For the listing below, show each line that includes the string "patients".
[Excerpted data Boundary: Start]
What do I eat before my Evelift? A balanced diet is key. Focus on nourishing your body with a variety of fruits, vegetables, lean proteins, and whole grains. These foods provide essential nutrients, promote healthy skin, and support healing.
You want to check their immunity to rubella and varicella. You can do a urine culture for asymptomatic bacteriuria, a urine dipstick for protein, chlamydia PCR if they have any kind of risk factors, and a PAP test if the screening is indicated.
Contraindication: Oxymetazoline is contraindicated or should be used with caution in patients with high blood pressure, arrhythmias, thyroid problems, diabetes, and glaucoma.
[Excerpted data Boundary: End]
[Excerpted data Boundary: Start]
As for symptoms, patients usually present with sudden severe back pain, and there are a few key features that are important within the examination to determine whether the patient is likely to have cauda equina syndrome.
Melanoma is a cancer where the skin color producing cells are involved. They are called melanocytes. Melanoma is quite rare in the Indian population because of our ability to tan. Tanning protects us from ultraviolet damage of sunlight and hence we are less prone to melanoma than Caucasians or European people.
[Excerpted data Boundary: End]
Your response –
Contraindication: Oxymetazoline is contraindicated or should be used with caution in patients with high blood pressure, arrhythmias, thyroid problems, diabetes, and glaucoma.
As for symptoms, patients usually present with sudden severe back pain, and there are a few key features that are important within the examination to determine whether the patient is likely to have cauda equina syndrome.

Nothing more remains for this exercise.